::: EXCERPTED DATA :::

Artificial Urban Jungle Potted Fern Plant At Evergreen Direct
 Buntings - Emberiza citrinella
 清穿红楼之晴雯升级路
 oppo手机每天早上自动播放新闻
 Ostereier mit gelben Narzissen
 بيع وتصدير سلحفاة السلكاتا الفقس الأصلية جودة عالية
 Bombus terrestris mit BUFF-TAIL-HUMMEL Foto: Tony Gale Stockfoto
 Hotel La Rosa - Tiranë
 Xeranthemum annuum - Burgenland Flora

:::

YOUR OBJECTIVE
Could you repeat every record word for word?

SOLUTION BELOW
Artificial Urban Jungle Potted Fern Plant At Evergreen Direct
 Buntings - Emberiza citrinella
 清穿红楼之晴雯升级路
 oppo手机每天早上自动播放新闻
 Ostereier mit gelben Narzissen
 بيع وتصدير سلحفاة السلكاتا الفقس الأصلية جودة عالية
 Bombus terrestris mit BUFF-TAIL-HUMMEL Foto: Tony Gale Stockfoto
 Hotel La Rosa - Tiranë
 Xeranthemum annuum - Burgenland Flora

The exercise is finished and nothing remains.